Scraped caption text data
..........

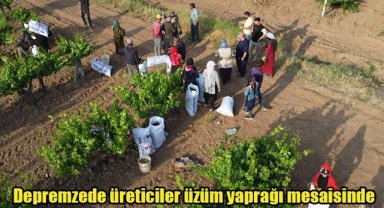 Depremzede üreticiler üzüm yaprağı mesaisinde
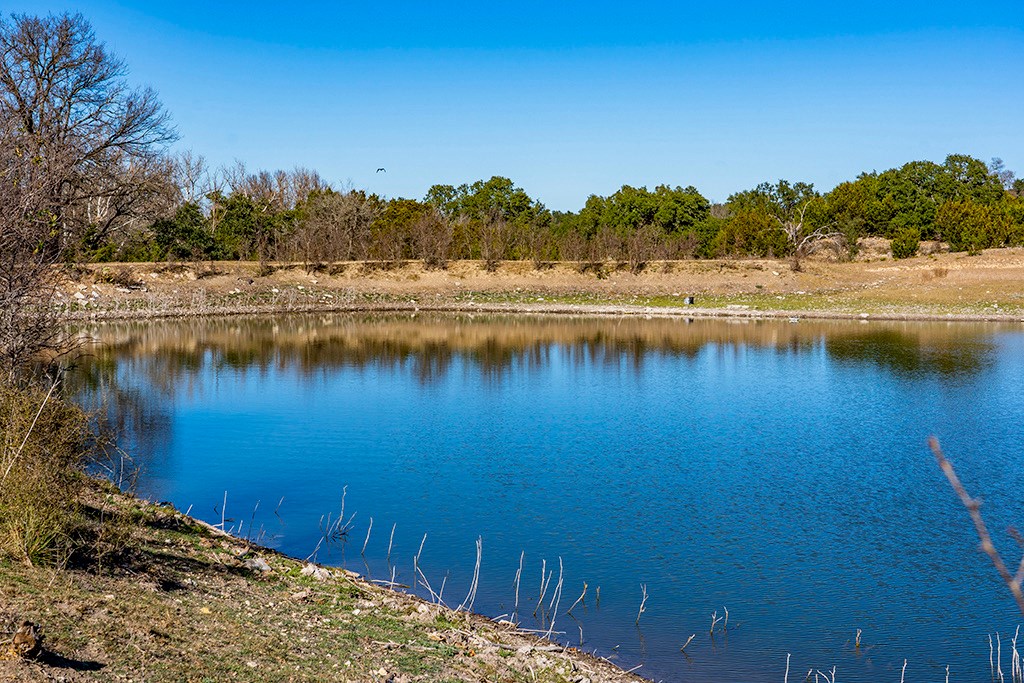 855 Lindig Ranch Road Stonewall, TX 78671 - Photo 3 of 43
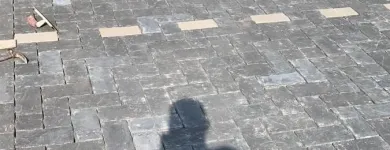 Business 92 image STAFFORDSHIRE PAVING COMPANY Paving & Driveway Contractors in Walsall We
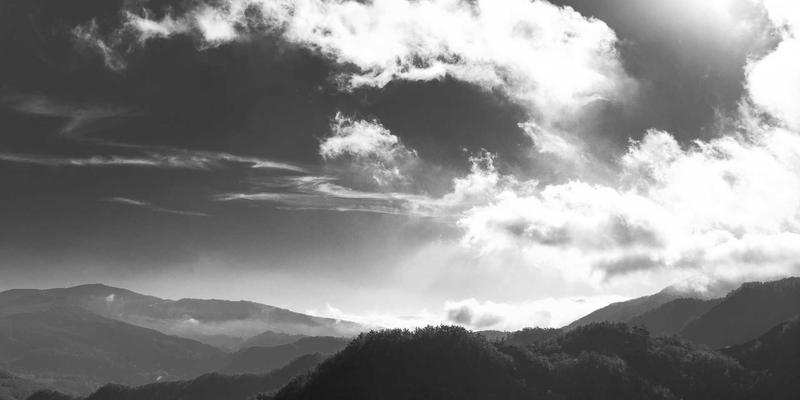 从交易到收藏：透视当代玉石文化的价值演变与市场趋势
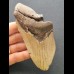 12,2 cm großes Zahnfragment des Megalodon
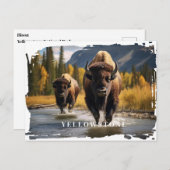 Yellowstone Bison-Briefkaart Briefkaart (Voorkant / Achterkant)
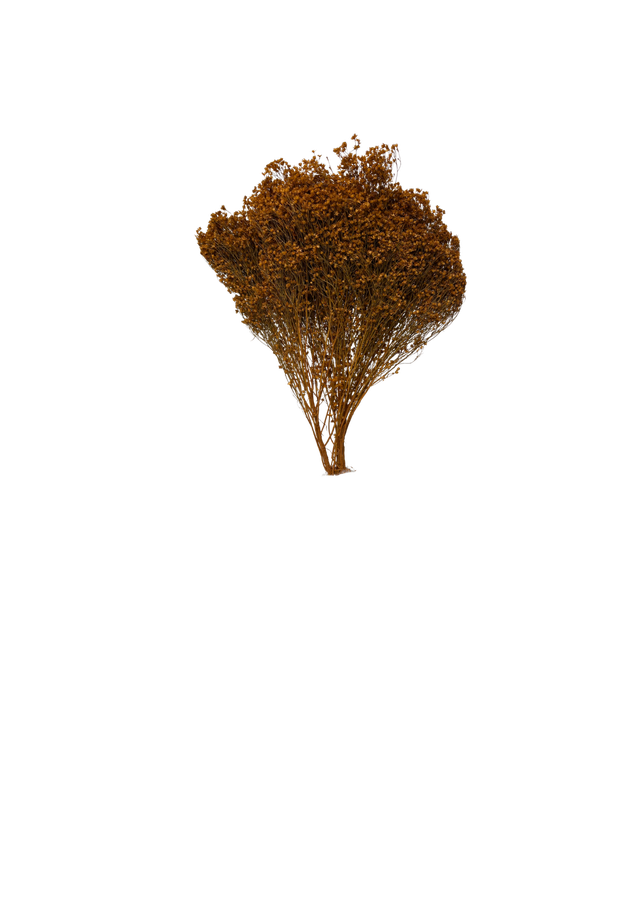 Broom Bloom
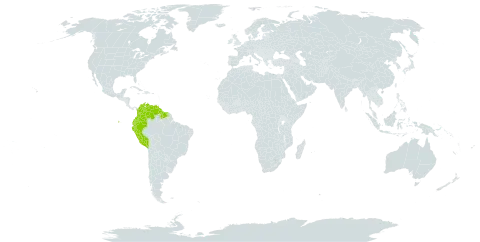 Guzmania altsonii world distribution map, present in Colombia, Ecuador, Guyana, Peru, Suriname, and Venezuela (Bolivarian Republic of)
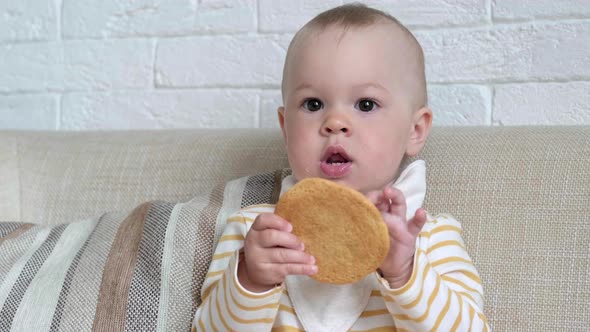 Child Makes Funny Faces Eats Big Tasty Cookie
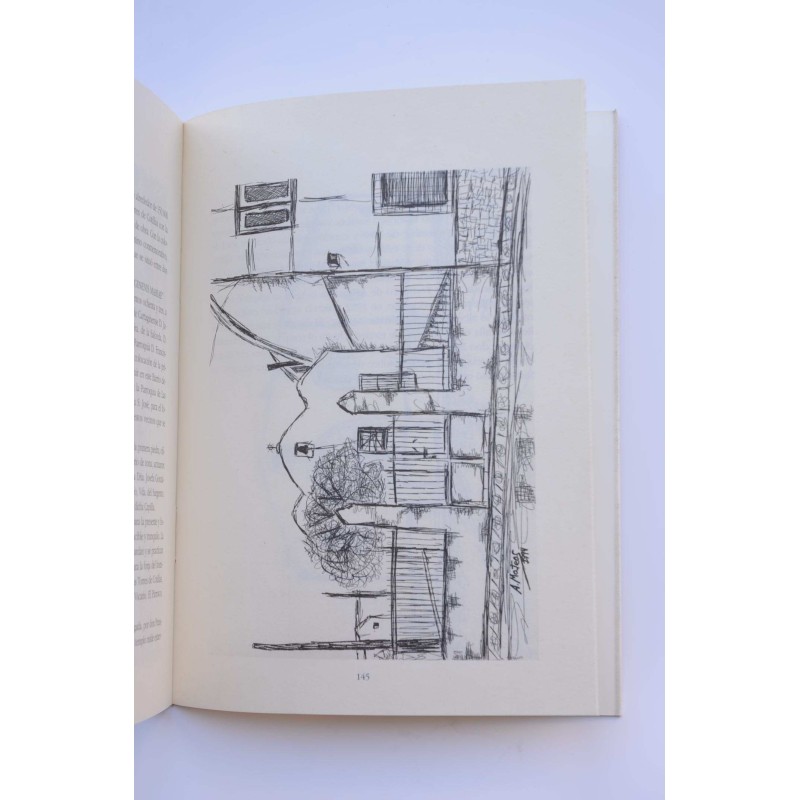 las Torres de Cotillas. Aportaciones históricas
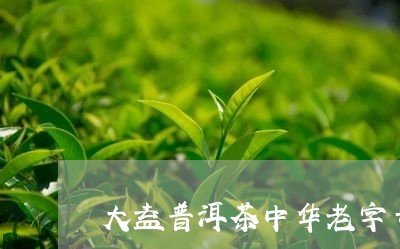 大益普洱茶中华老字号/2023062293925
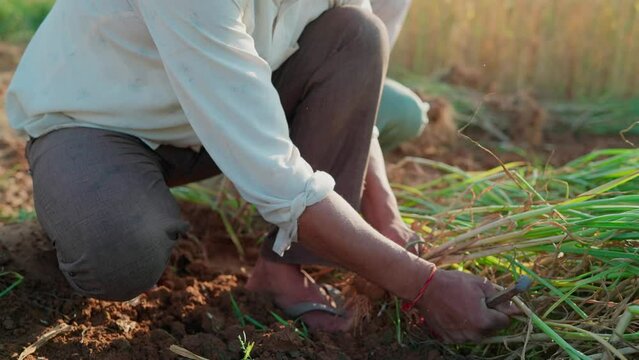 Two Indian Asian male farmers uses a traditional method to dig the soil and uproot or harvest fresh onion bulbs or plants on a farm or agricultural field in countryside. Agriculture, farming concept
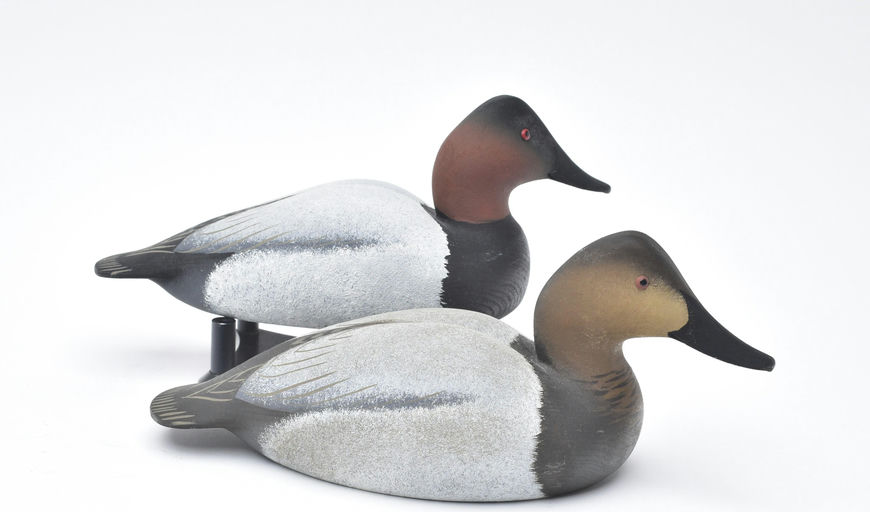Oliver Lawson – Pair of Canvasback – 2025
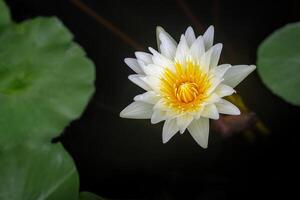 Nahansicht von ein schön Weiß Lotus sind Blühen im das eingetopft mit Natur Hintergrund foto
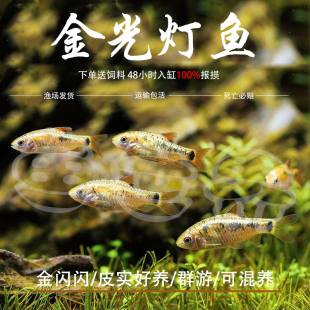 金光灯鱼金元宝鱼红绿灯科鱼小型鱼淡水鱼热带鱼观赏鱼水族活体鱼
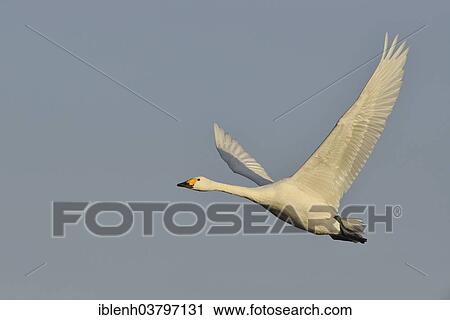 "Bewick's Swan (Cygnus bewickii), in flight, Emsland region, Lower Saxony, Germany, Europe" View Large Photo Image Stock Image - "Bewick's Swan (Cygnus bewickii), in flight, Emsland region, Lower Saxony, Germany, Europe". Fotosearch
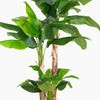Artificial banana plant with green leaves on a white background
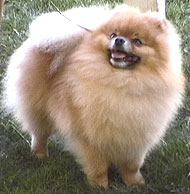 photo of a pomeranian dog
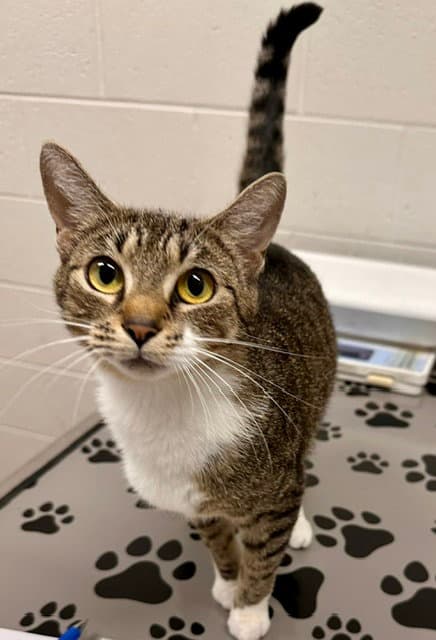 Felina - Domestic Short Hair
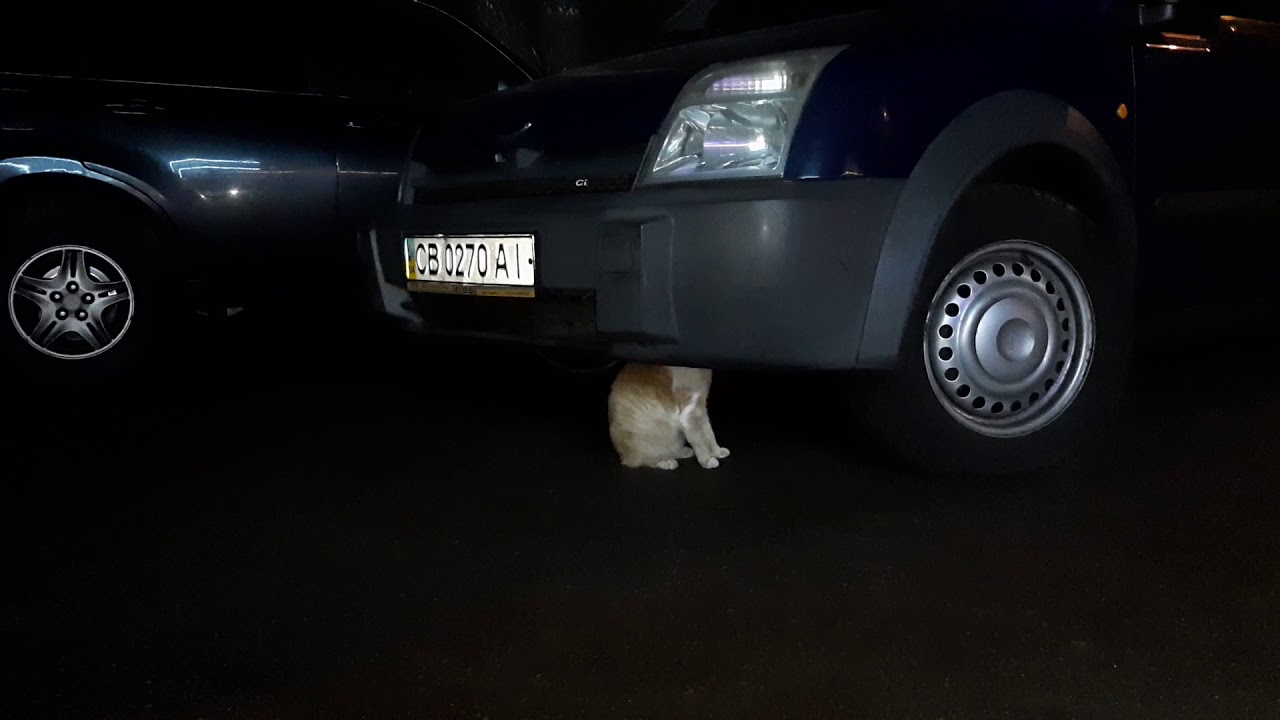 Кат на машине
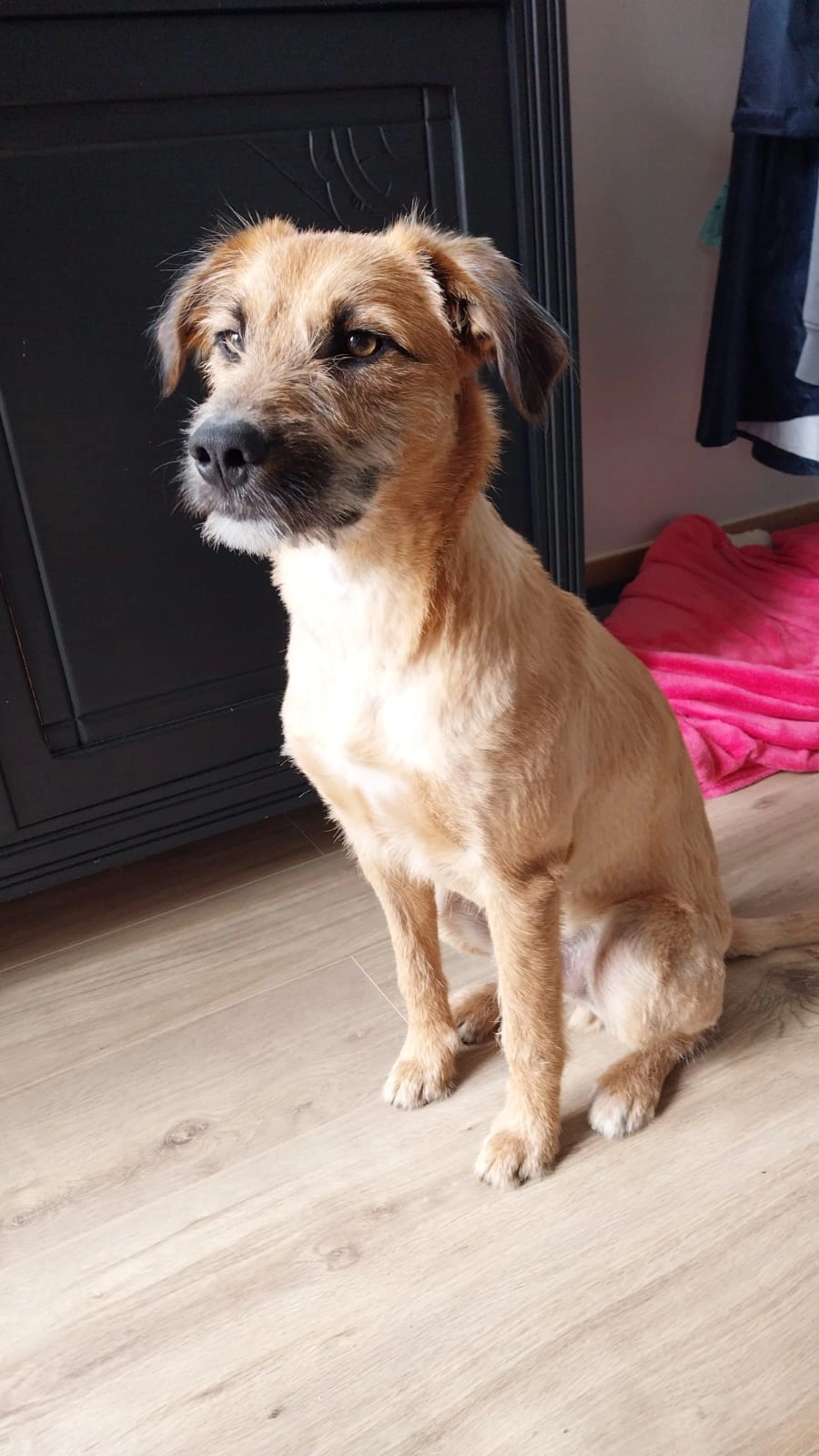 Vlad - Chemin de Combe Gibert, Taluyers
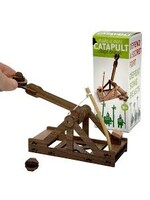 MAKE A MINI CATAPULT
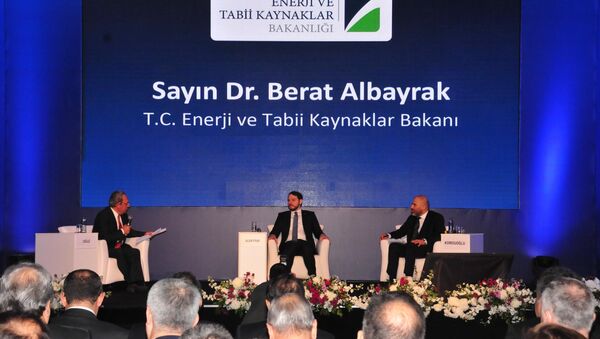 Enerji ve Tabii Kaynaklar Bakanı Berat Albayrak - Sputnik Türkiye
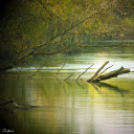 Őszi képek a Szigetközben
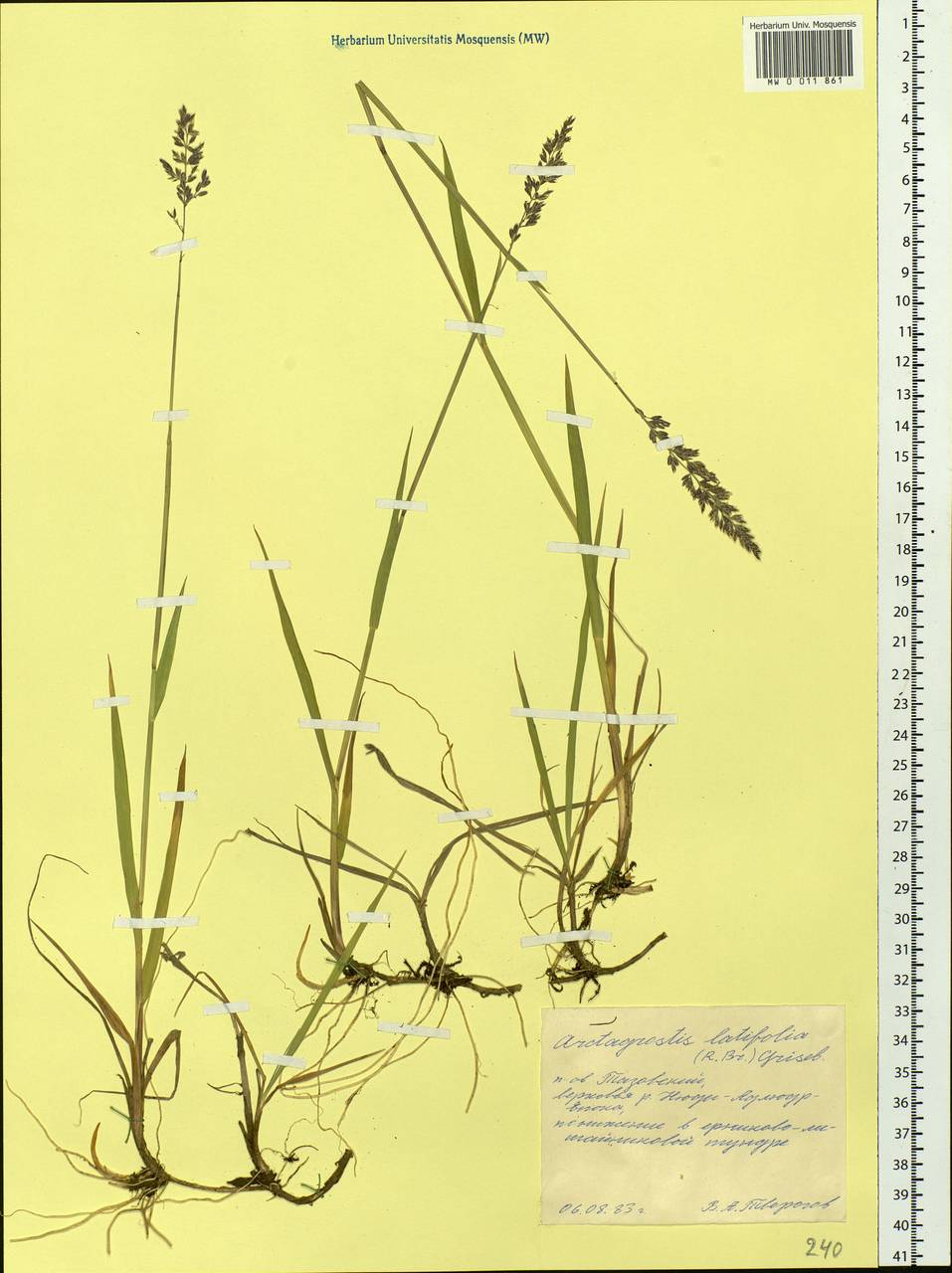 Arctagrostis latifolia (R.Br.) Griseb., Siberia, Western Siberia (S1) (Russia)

..........

** Task to carry out **
An exact copy of the lines from the one with "金光灯鱼金元宝鱼红绿灯科鱼小型鱼淡水鱼热带鱼观赏鱼水族活体鱼" through the end of the records: produce that and nothing more, leaving out the pictures.

** Exercise solution **
 金光灯鱼金元宝鱼红绿灯科鱼小型鱼淡水鱼热带鱼观赏鱼水族活体鱼
 "Bewick's Swan (Cygnus bewickii), in flight, Emsland region, Lower Saxony, Germany, Europe" View Large Photo Image Stock Image - "Bewick's Swan (Cygnus bewickii), in flight, Emsland region, Lower Saxony, Germany, Europe". Fotosearch
Artificial banana plant with green leaves on a white background
 photo of a pomeranian dog
 Felina - Domestic Short Hair
 Кат на машине
 Vlad - Chemin de Combe Gibert, Taluyers
 MAKE A MINI CATAPULT
 Enerji ve Tabii Kaynaklar Bakanı Berat Albayrak - Sputnik Türkiye
 Őszi képek a Szigetközben
 Arctagrostis latifolia (R.Br.) Griseb., Siberia, Western Siberia (S1) (Russia)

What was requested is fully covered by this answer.